A quelques heures près, le vaisseau transportant le petit Kal-L aurait atterri au Kansas et le futur Superman aurait été un citoyen américain. Hélas pour la bannière étoilée, c'est dans les plaines de blé d'Ukraine que le vaisseau a atterri. Résultat : Superman est un héros de l'Union Soviétique en même temps que son arme ultime. Chouchouté par Staline, Superman est aussi haï des Américains, et par Lex Luthor en particulier. En URSS, Superman est celui qu'il aurait pu être aux Etats-Unis : un ange gardien de la population, voyant, entendant, pressentant chaque danger et le réduisant à néant.

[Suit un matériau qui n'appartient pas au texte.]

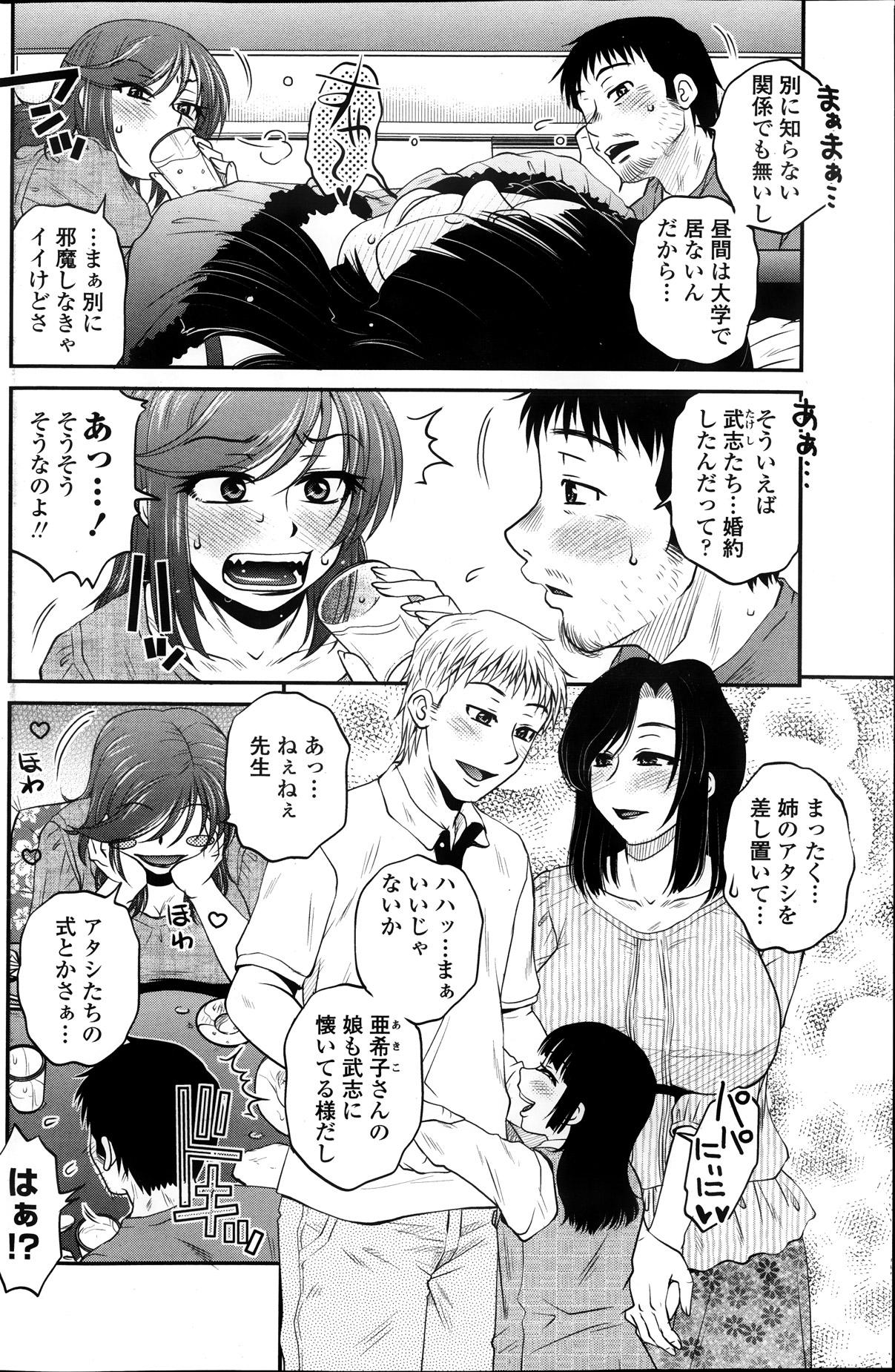 [胡桃屋ましみん] シスコンプレイ 第01-05話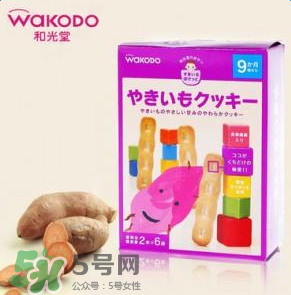 和光堂輔食有核輻射嗎？和光堂輔食受到核污染嗎？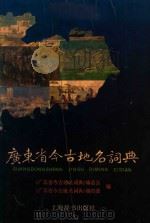 广东省今古地名词典 1991 PDF电子版封面 7532601522 刘南威主编;《广东省今古地名词典》编辑部,《广东省今古地名词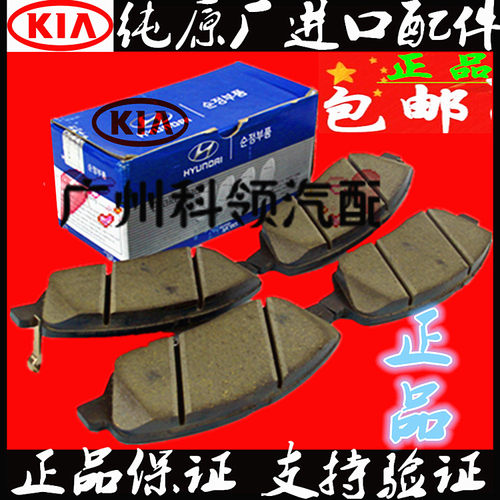 进口原厂正品刹车片起亚前后现代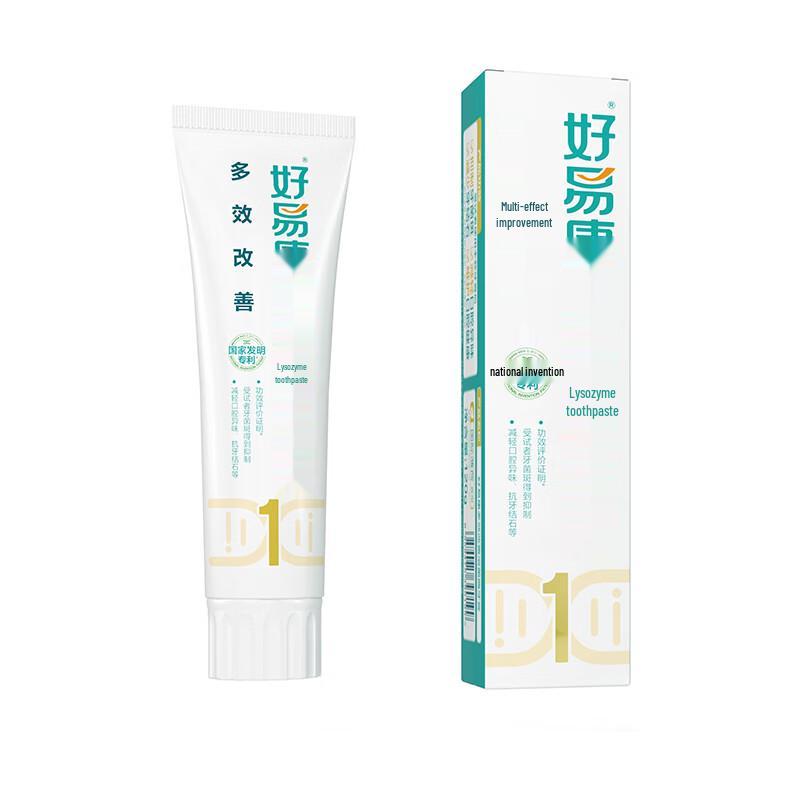 

Haoyikang Bio-Lysozyme Oral Care Toothpaste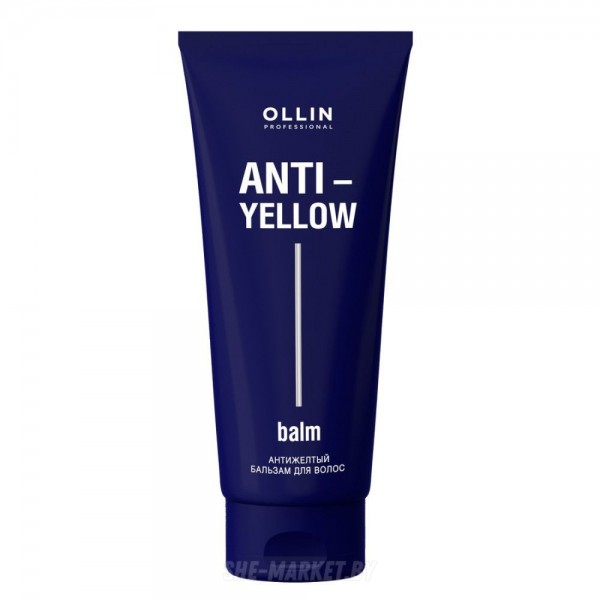 Антижелтый бальзам для волос Anti-Yellow, 250мл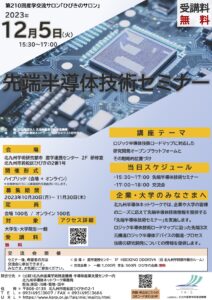 先端半導体技術セミナー(PDF)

En URSS, cependant, Superman n'a pas à se cacher : il n'est pas journaliste, il est Superman à plein temps, au service de la collectivité, stakhanoviste du travail et chantre de l'égalité.
Lorsque Staline décède, Superman est contraint de devenir le nouveau leader du monde communiste. C'est une contrainte car, conscient de sa supériorité naturelle, Superman ne veut pas ajouter à celle-ci la supériorité politique, citoyenne. Pourtant, Superman oeuvre pour le bien, quitte à forcer la main à ceux qui le refusent ou à lobotomiser les résistants. Il s'en trouve, cependant, au premier rang desquels Batman, russe lui aussi, qui refuse ce règne absolu et surtout forcé du bien, car cette politique de Superman ôte aux hommes leur libre-arbitre.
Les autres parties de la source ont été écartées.